(Provided information)

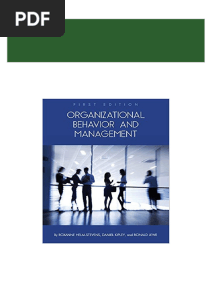 Download Complete (eBook PDF) Organizational Behavior and Management by Roxanne Helm-Stevens PDF for All Chapters
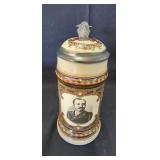 NIB Adolphus Bush Stein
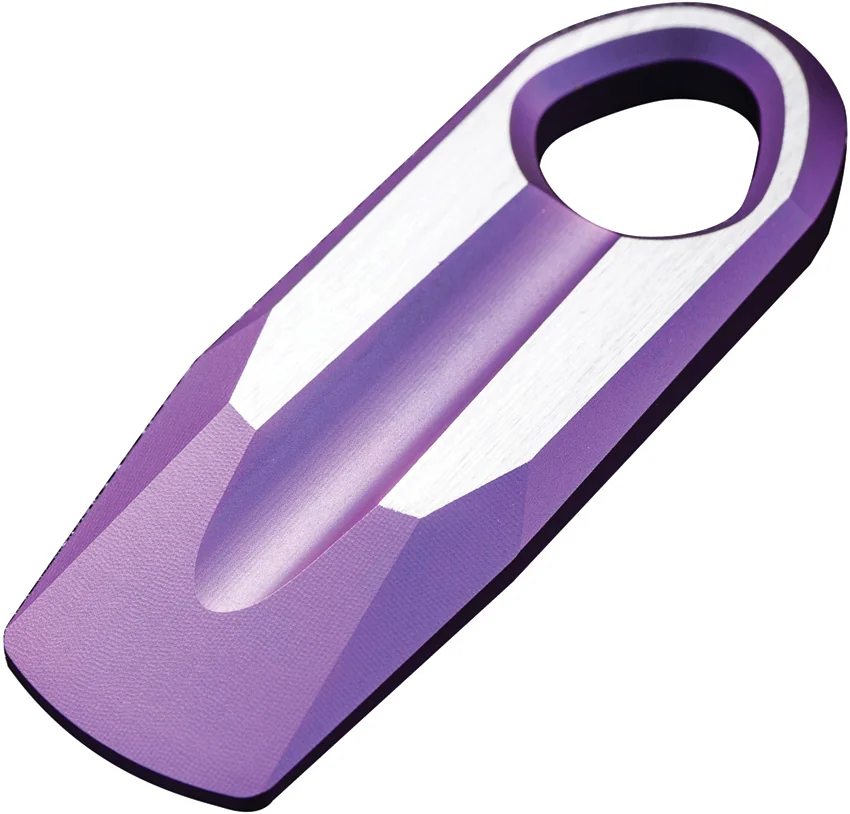 CIVIVI Ti-Bar Pry Bar Purple Titanium (1.7" Satin) C21030-2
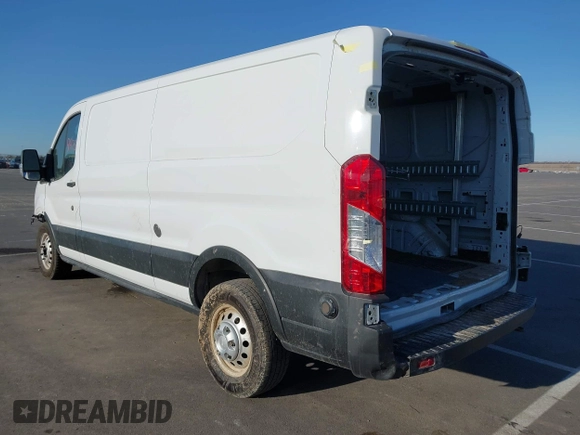 2020 Ford Transit Cargo with VIN 1FTBR2Y80LKA74788, listed as a IAAI auction lot 41939473 with 130,327 mi miles and . Bid and sale history available at DreamBid. Image 3.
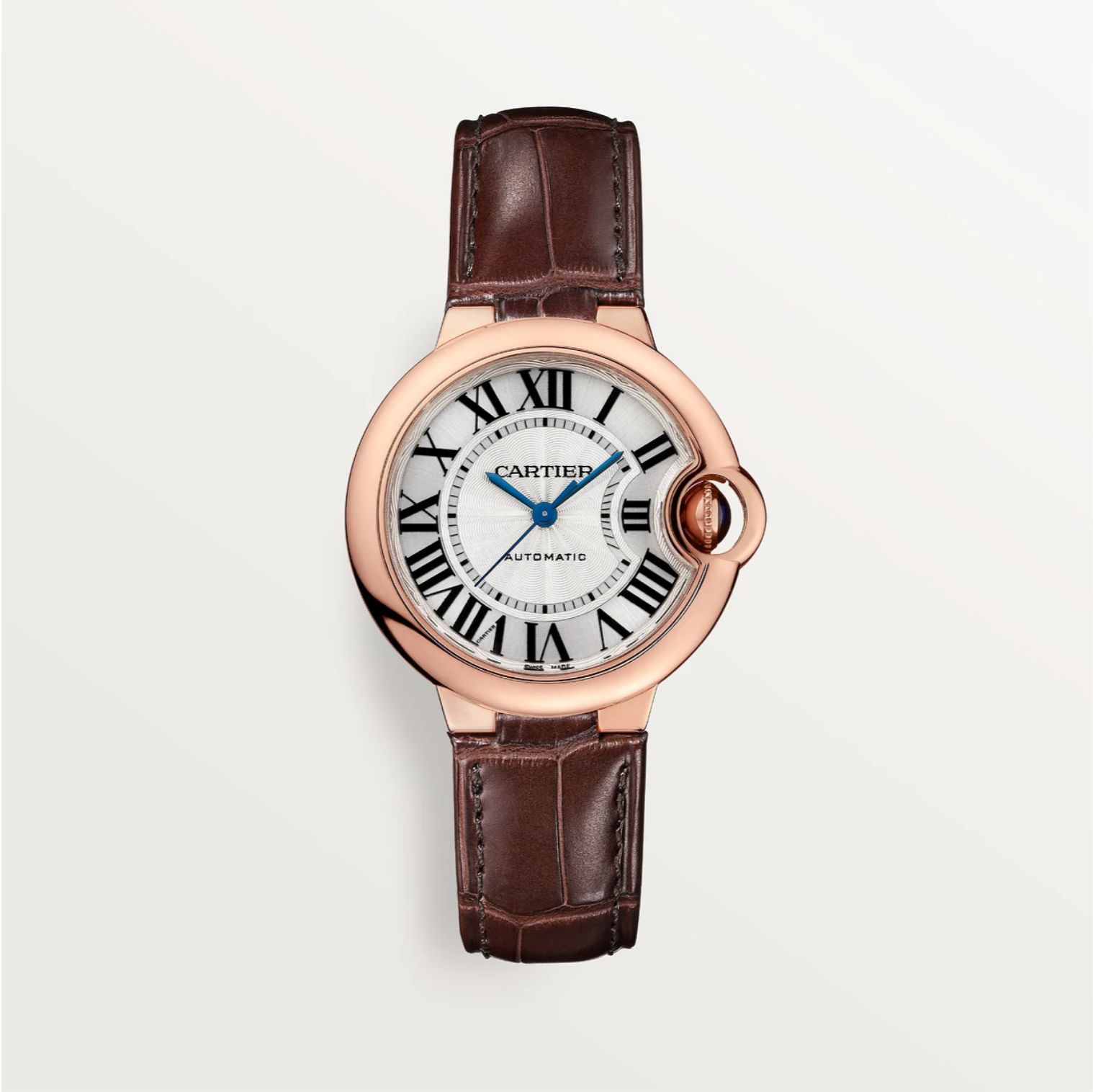 Ballon Bleu de Cartier 33 mm Automatikwerk, Roségold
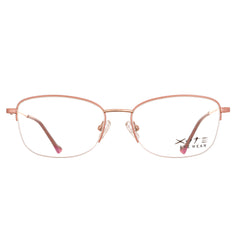 10065 Xite Eyewear's OVAL Shaped Metal WOMEN's Frame.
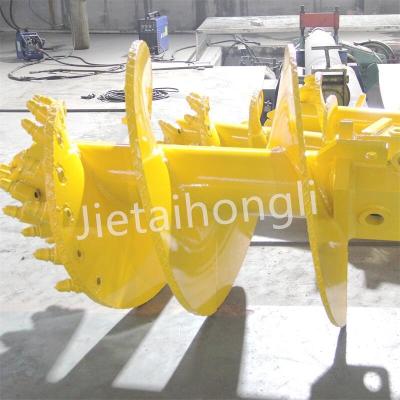 China Construcción de perforación rotatoria de Rig Auger Bucket For Foundation de los recambios ISO9001 en venta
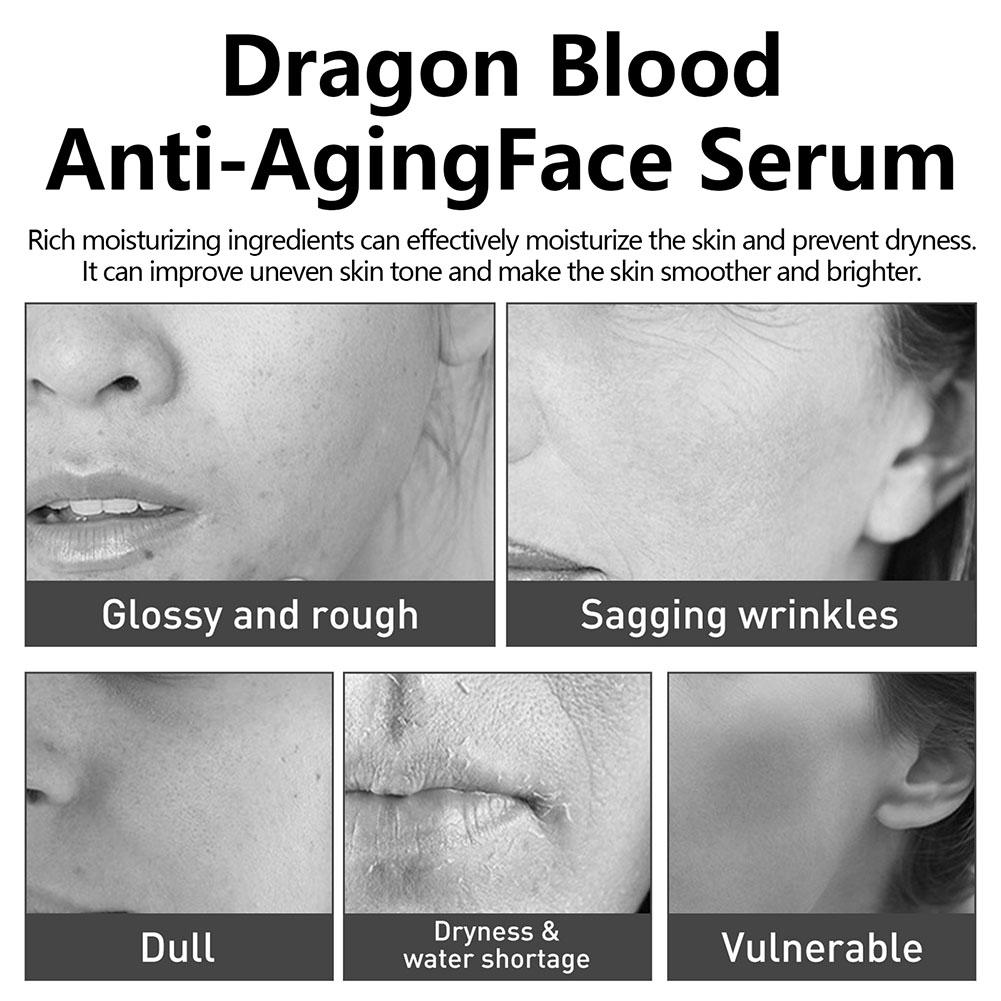 Dragon Blood Cream Wrinkle Rem – Silk Press Serum Bewertung und Preis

(End Provided information)

• **Exercise aim**:
Retype, exactly as written, each line from the one containing "CIVIVI Ti-Bar Pry" through the end of the data above, and leave out every picture.

• **Response area**:
 CIVIVI Ti-Bar Pry Bar Purple Titanium (1.7" Satin) C21030-2
 2020 Ford Transit Cargo with VIN 1FTBR2Y80LKA74788, listed as a IAAI auction lot 41939473 with 130,327 mi miles and . Bid and sale history available at DreamBid. Image 3.
 Ballon Bleu de Cartier 33 mm Automatikwerk, Roségold
 10065 Xite Eyewear's OVAL Shaped Metal WOMEN's Frame.
 China Construcción de perforación rotatoria de Rig Auger Bucket For Foundation de los recambios ISO9001 en venta
 Dragon Blood Cream Wrinkle Rem – Silk Press Serum Bewertung und Preis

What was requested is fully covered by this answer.